The FSelector R package [@romanski2016fselector] contains a large number of implemented techniques for generating rank weights for features. Below is an example based on an entropy-based filter using information gain applied to the same example.

library(FSelector)
weights <- information.gain(diabetes~., data = PimaIndiansDiabetes)
row.names(weights)[order(weights$attr_importance, decreasing = TRUE)]
#> [1] "glucose"  "mass"     "age"      "insulin"  "pregnant" "pedigree" "pressure"
#> [8] "triceps"

Underlying Theory of varrank

Information theory metrics

The varrank R package is based on the estimation of information theory metrics, namely, the entropy and the mututal information.

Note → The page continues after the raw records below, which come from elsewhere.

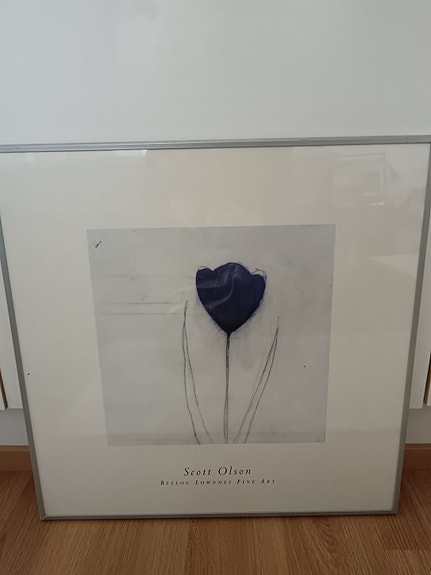 Scott Olson taulu, sininen tulppaani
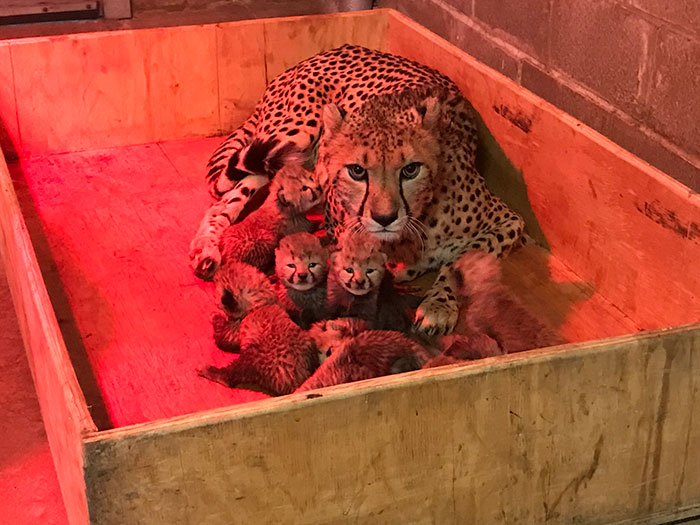Bingwa總共生下三隻兒子和五隻女兒，根據美國的動物園及水族館協會的紀錄，Bingwa是第一隻自力生下8隻寶寶的多產媽媽！（一般獵豹一胎約3～4隻）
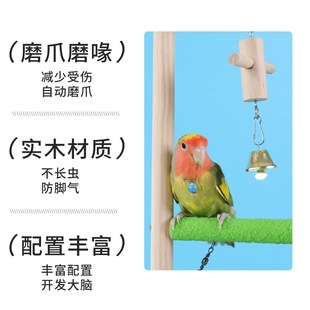 虎皮牡丹玄凤鹦鹉站架脚链爬梯磨爪实木站棍互动平台花椒木鸟站架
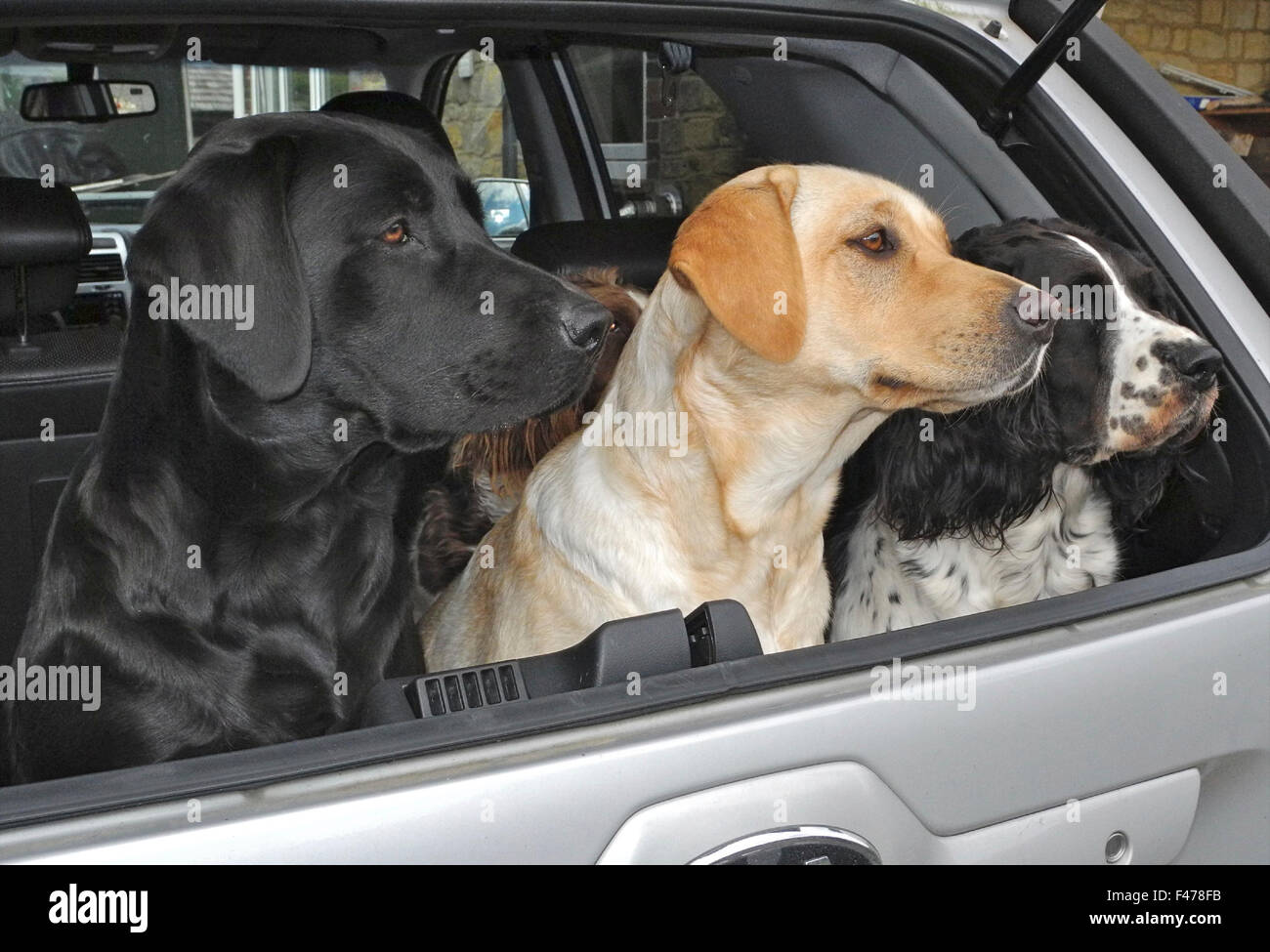Labradore und Springer Spaniels auf der Hut im Auto Alarm bellende Hunde Stockfoto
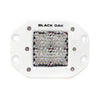 Black Oak 2
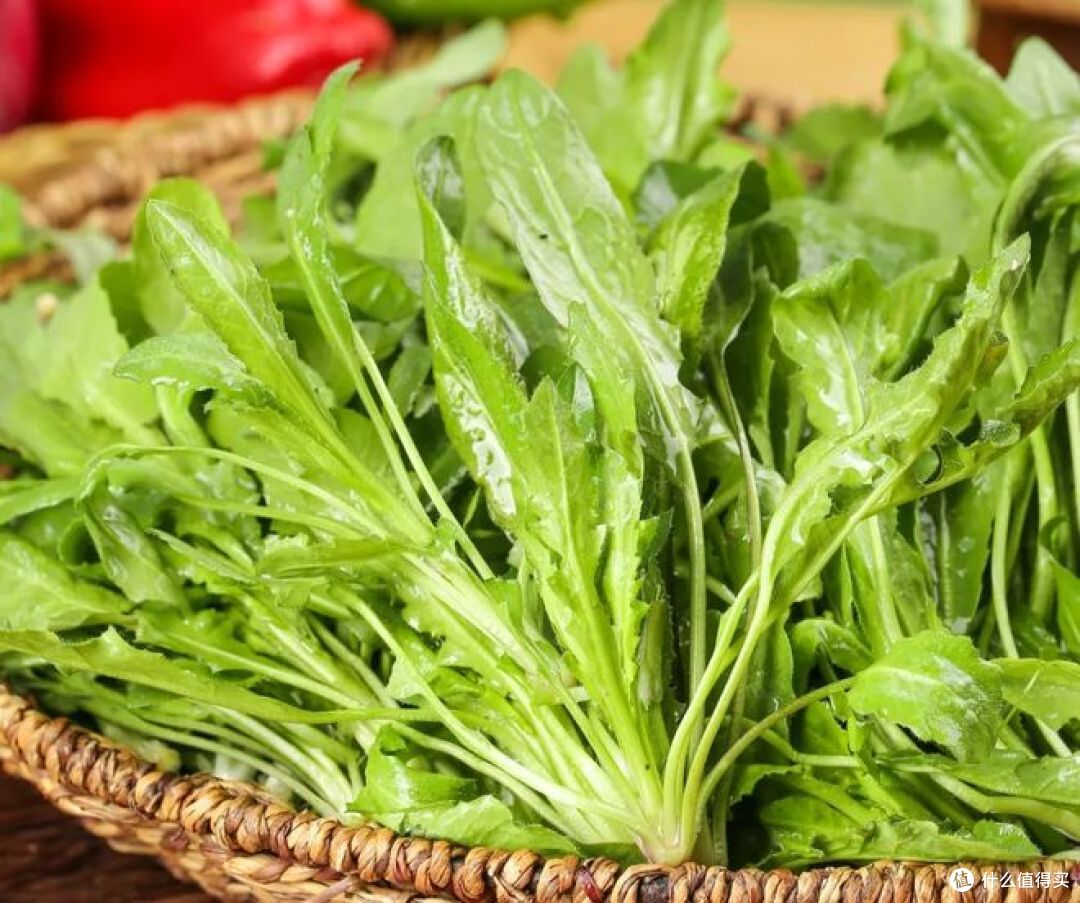 春菜有多少种?你吃过哪些不同的品种?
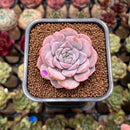 Echeveria 'Pink Shadow' 2" Succulent Plant Cutting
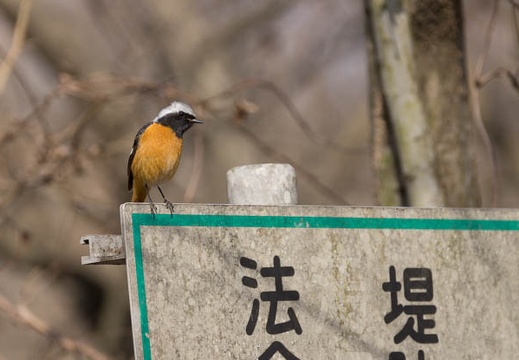 02.22 河川環境楽園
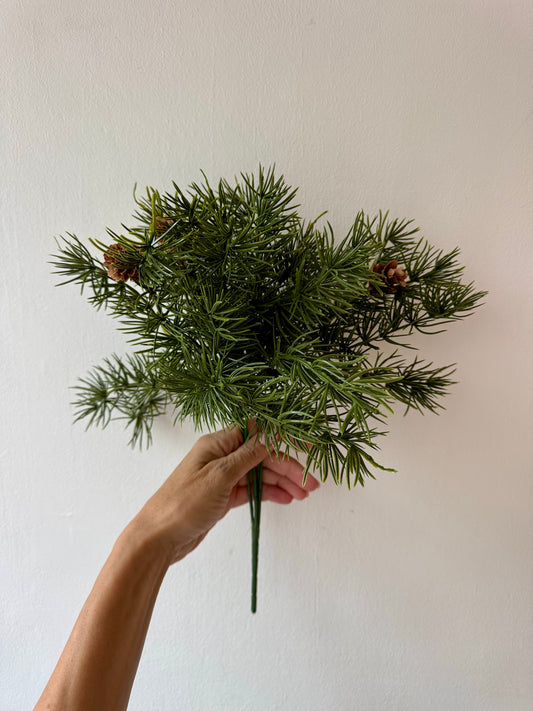 Fenyőcsokor tobozzal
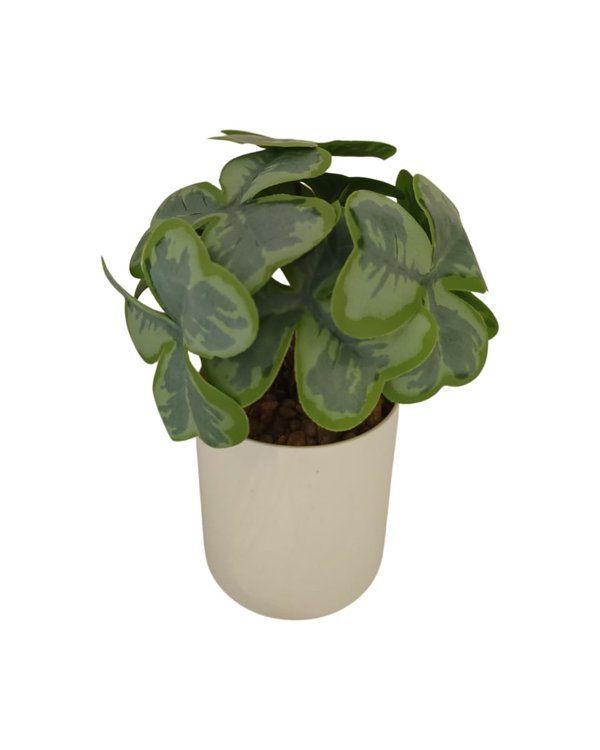 Clove Plant With White Pot Table Size - (Faux)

Intuitivelly, the entropy is defined as the average amount of information produced by a stochastic source of data. The mutual information is defined as the mutual dependence between the two variables.

Entropy from observational data

Formally, for a continuous random variable \(X\) with probability density function \(P(X)\) the entropy \(\text{H}(X)\) is defined as [see @cover2012elements for details]

\[ \text{H}(X) = \textbf{E} [ - \log{P(X)} ]. \]

The entropy \(\text{H}(X)\) of a discrete random variable \(X\) is defined as [see @cover2012elements for details] \[ \text{H}(X) = \sum^{N}_{n = 1} P(x_n) \log{P(x_n)}, \] where \(N\) is the number of states of the random variable \(X\).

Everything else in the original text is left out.